The input ▸
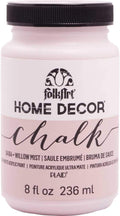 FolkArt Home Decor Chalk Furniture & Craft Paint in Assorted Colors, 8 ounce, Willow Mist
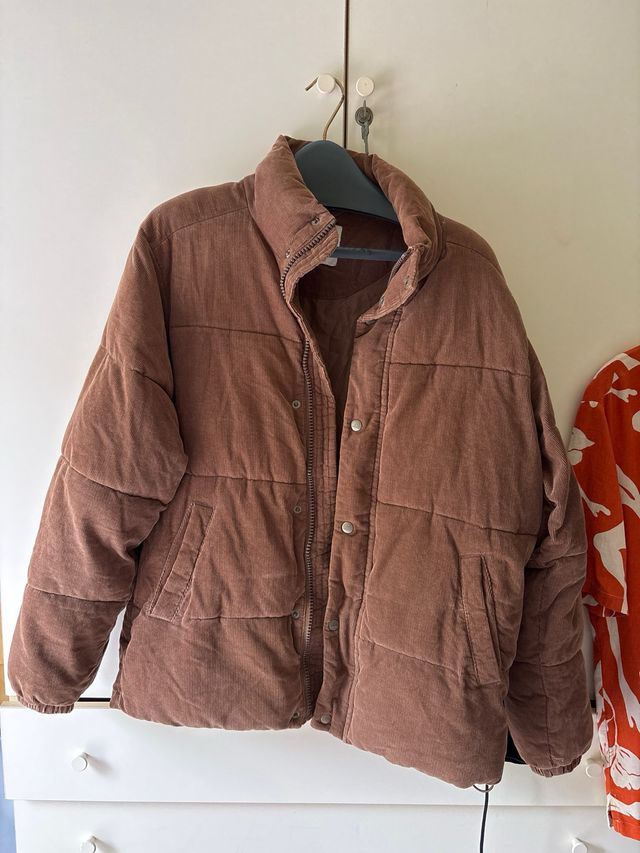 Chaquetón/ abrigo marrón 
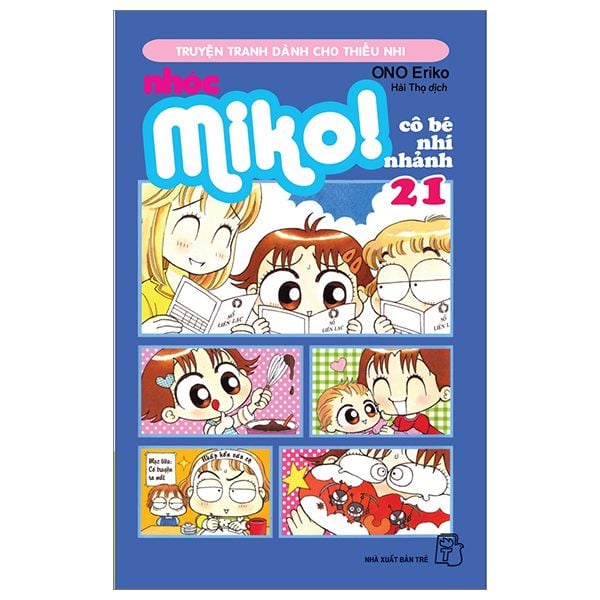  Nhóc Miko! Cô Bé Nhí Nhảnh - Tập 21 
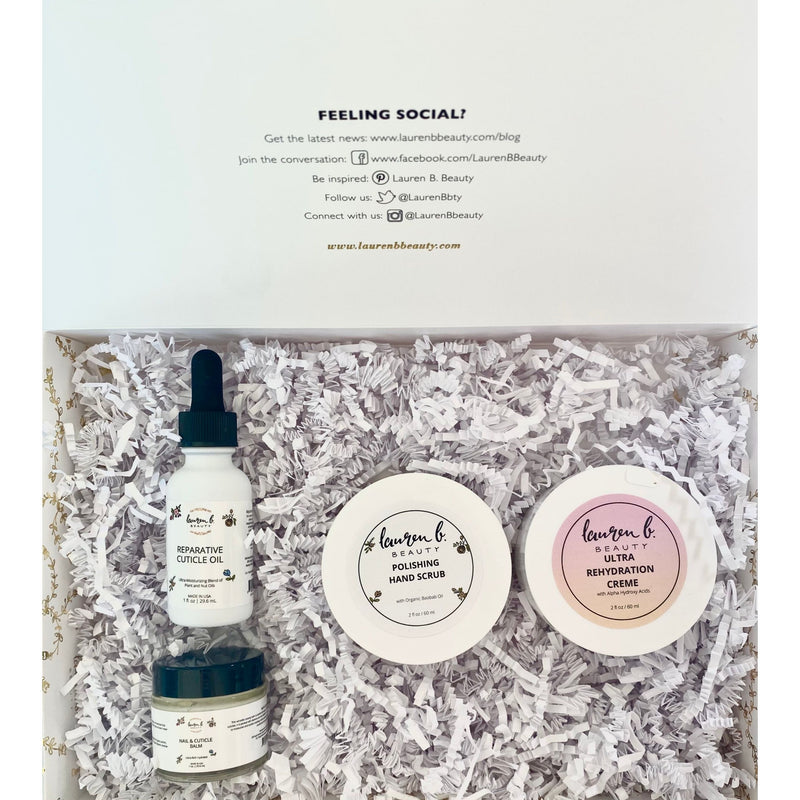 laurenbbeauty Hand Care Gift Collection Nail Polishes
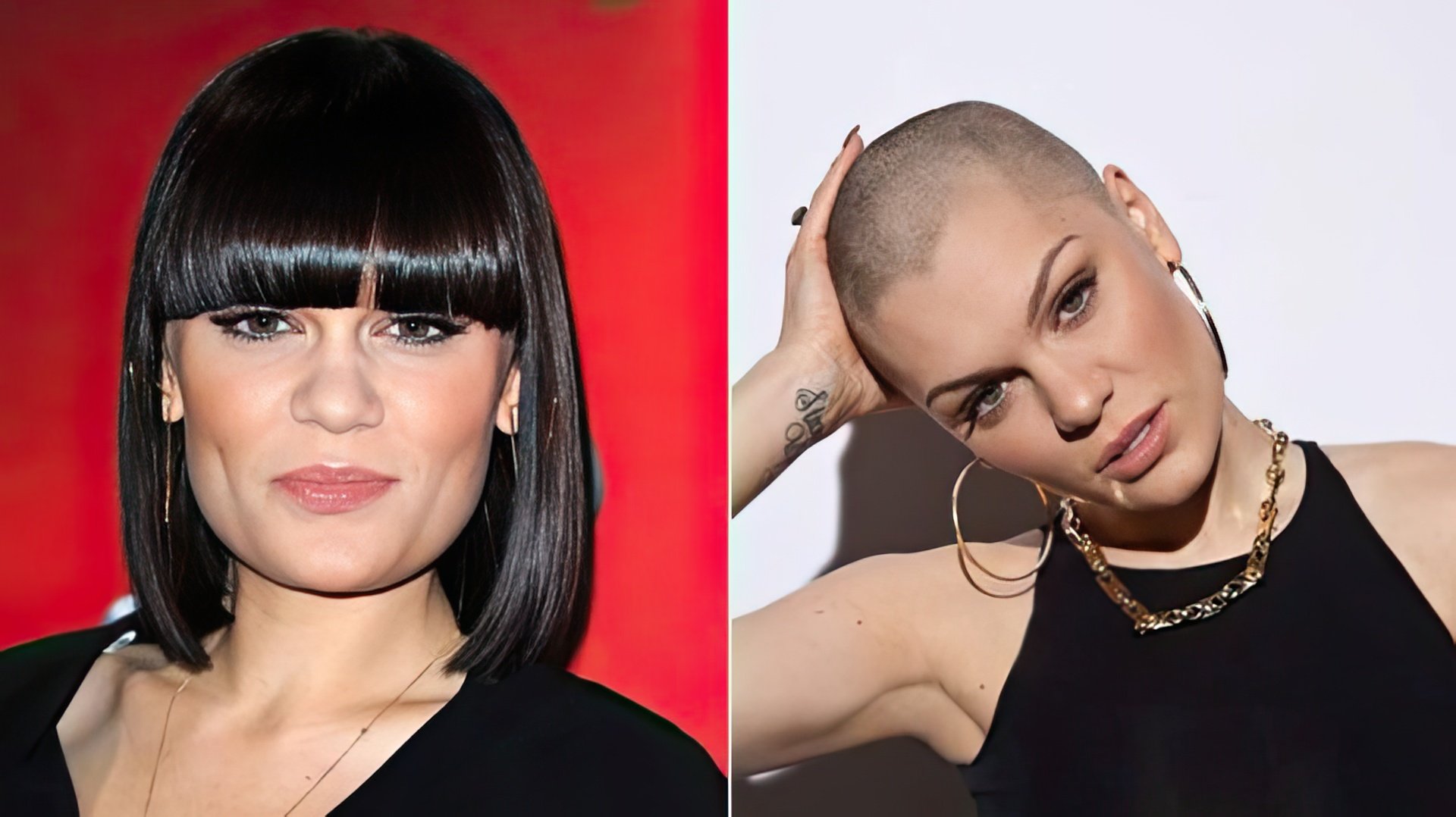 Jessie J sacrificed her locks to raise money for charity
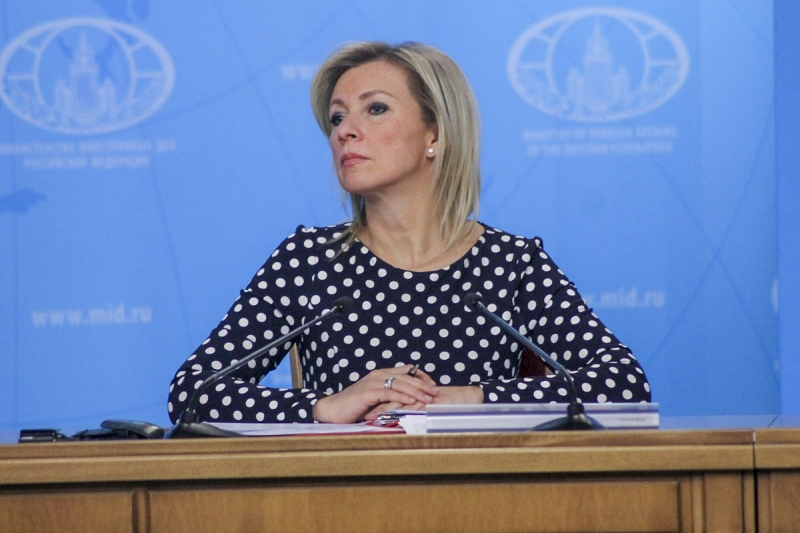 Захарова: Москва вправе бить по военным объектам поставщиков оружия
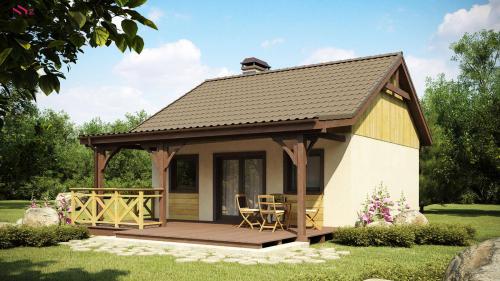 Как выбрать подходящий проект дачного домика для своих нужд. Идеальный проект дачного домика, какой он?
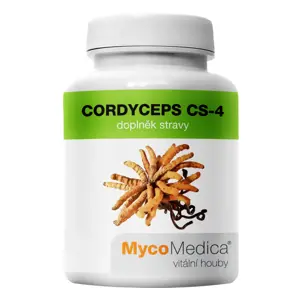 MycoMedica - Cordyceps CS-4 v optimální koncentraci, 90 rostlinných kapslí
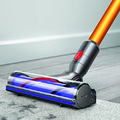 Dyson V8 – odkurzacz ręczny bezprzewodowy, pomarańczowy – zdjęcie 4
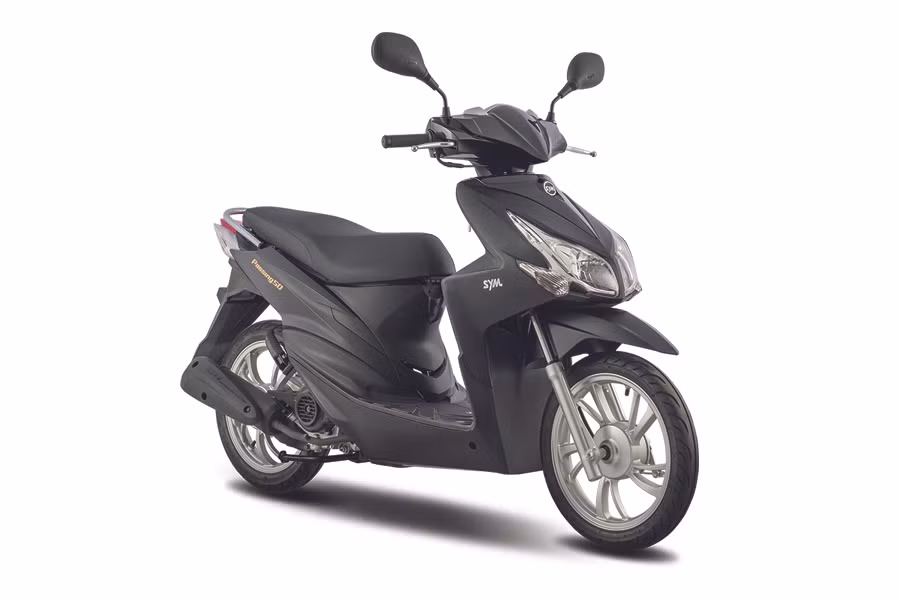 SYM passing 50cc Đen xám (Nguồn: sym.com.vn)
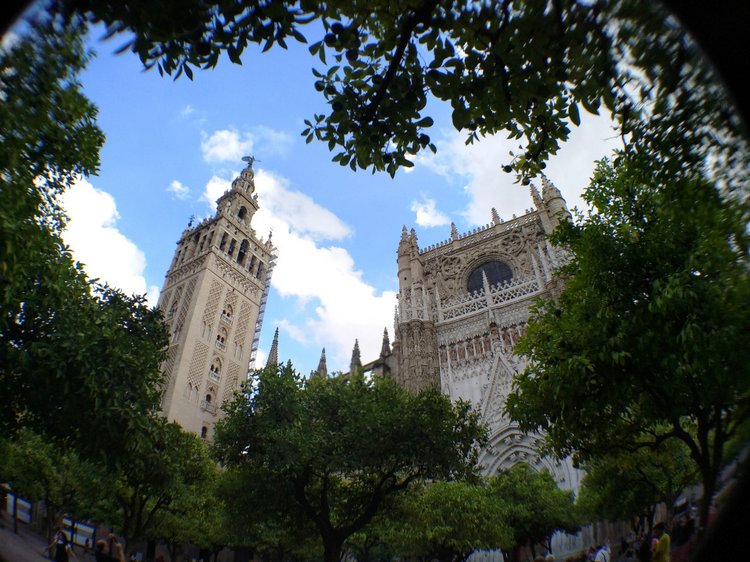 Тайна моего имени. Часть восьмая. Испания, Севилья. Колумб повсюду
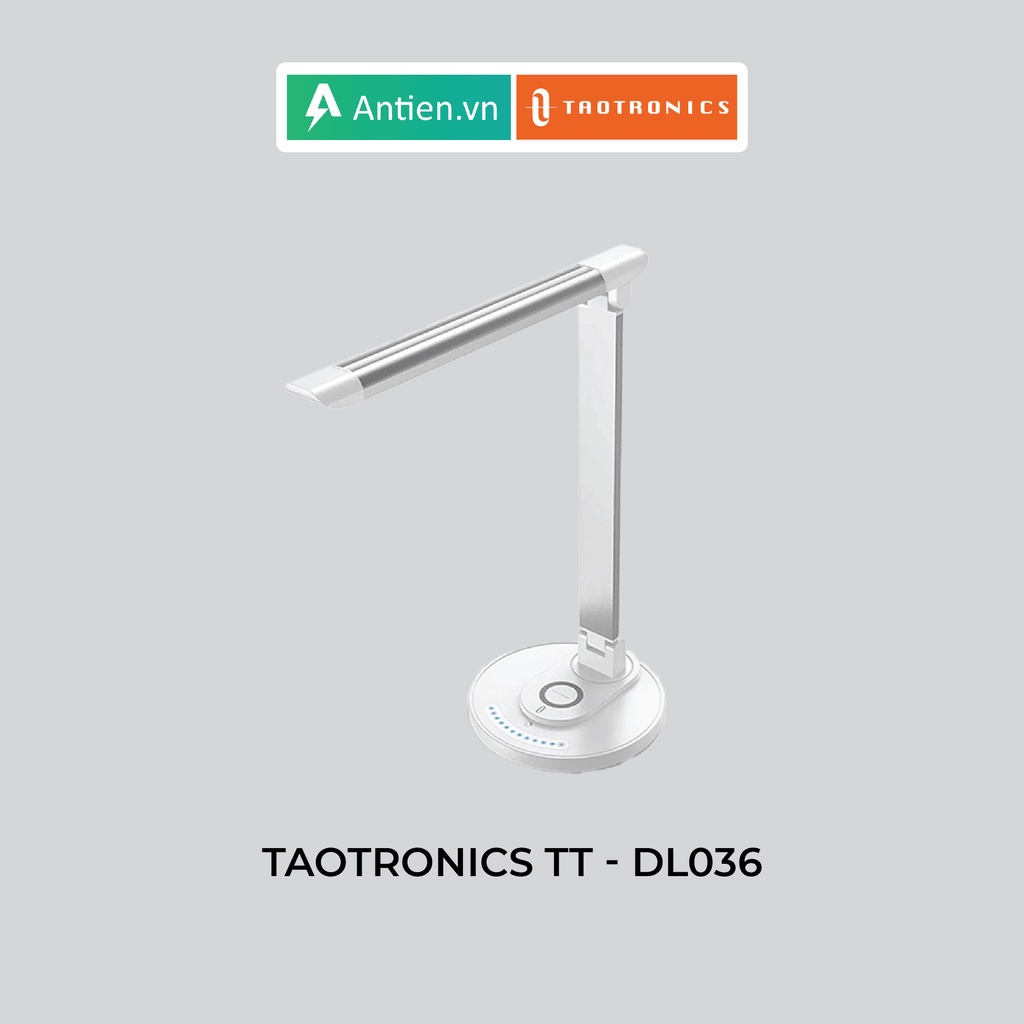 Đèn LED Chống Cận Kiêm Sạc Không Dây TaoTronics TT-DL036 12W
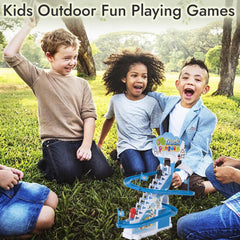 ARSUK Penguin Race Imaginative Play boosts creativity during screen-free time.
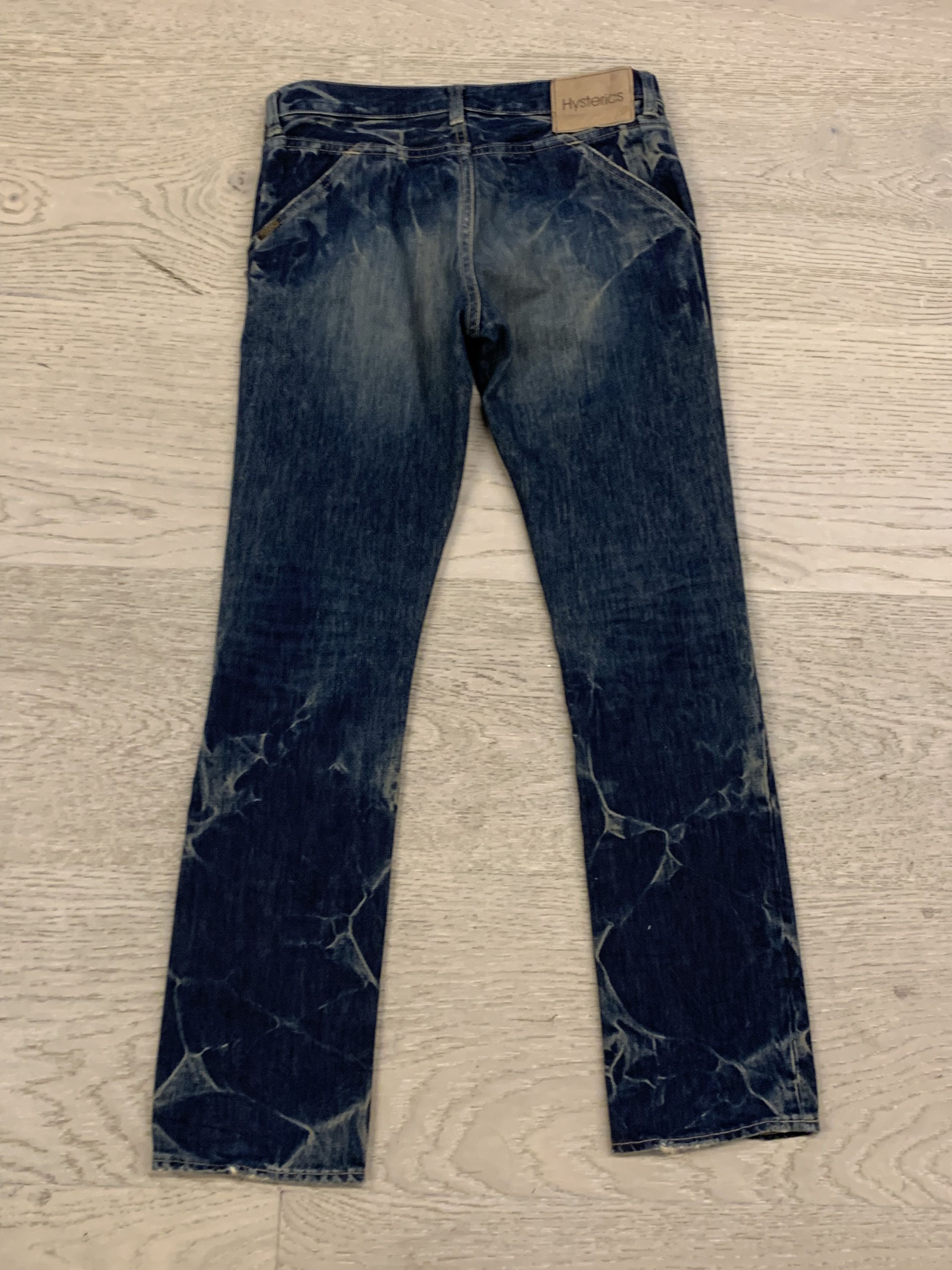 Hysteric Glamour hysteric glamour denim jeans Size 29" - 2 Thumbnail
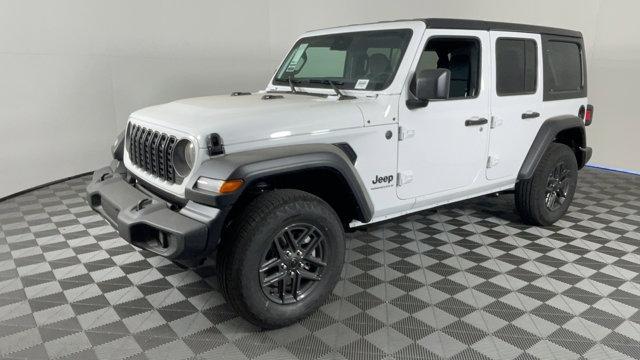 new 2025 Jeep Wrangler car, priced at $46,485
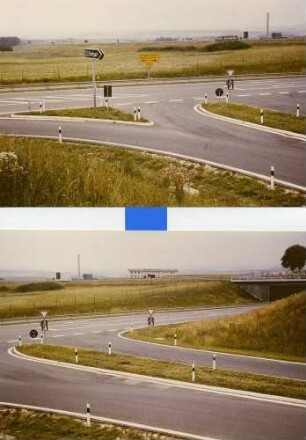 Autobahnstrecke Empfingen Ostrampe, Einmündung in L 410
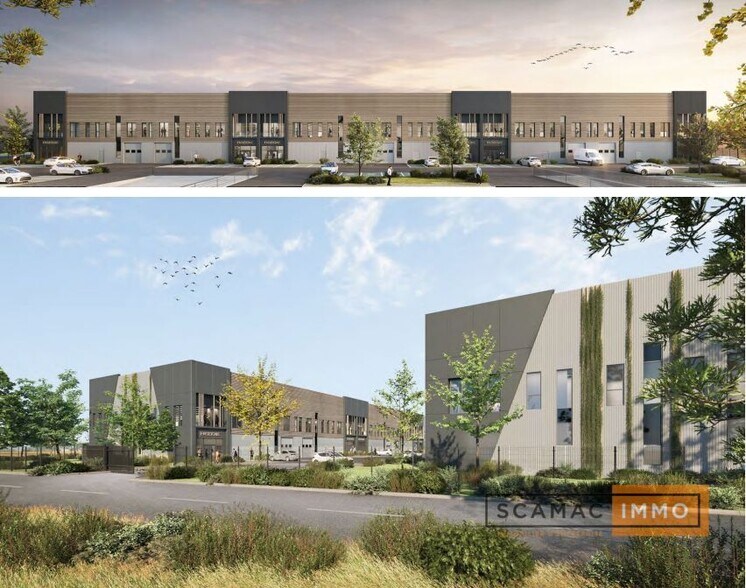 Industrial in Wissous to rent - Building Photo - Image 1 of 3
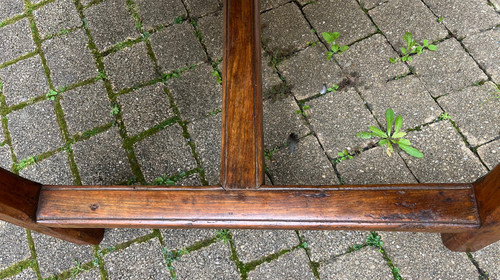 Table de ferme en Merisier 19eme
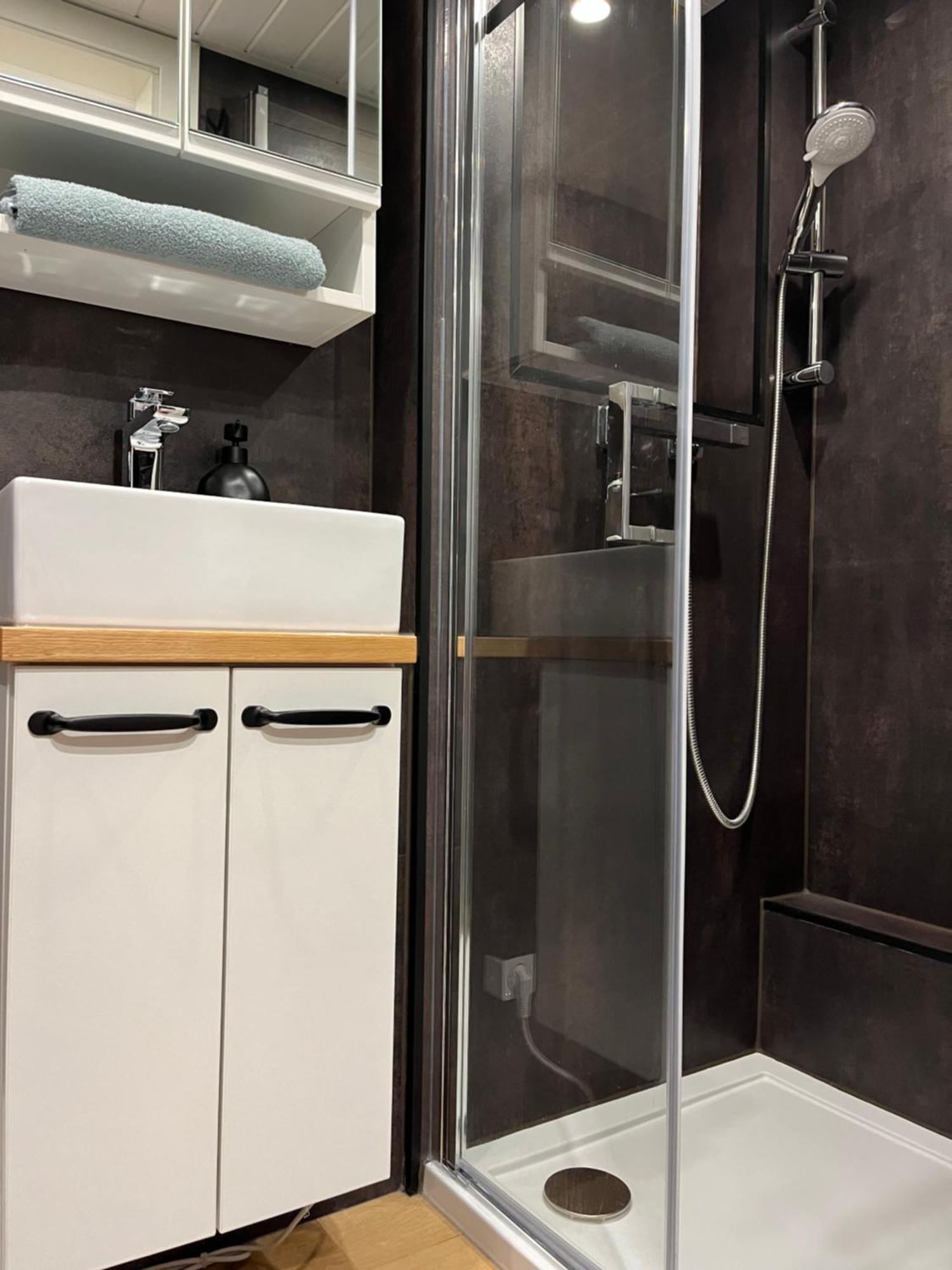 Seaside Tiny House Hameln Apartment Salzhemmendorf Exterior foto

Problem ▸
Above this task is a listing with pictures in it. Retype only the lines from the one containing "Nhóc Miko! Cô Bé Nhí Nhảnh - Tập 21" through the one containing "new 2025 Jeep", both included, and not the pictures.

Output for this exercise ▸
  Nhóc Miko! Cô Bé Nhí Nhảnh - Tập 21 
 laurenbbeauty Hand Care Gift Collection Nail Polishes
 Jessie J sacrificed her locks to raise money for charity
 Захарова: Москва вправе бить по военным объектам поставщиков оружия
 Как выбрать подходящий проект дачного домика для своих нужд. Идеальный проект дачного домика, какой он?
 MycoMedica - Cordyceps CS-4 v optimální koncentraci, 90 rostlinných kapslí
 Dyson V8 – odkurzacz ręczny bezprzewodowy, pomarańczowy – zdjęcie 4
 SYM passing 50cc Đen xám (Nguồn: sym.com.vn)
 Тайна моего имени. Часть восьмая. Испания, Севилья. Колумб повсюду
 Đèn LED Chống Cận Kiêm Sạc Không Dây TaoTronics TT-DL036 12W
 ARSUK Penguin Race Imaginative Play boosts creativity during screen-free time.
 Hysteric Glamour hysteric glamour denim jeans Size 29" - 2 Thumbnail
 new 2025 Jeep Wrangler car, priced at $46,485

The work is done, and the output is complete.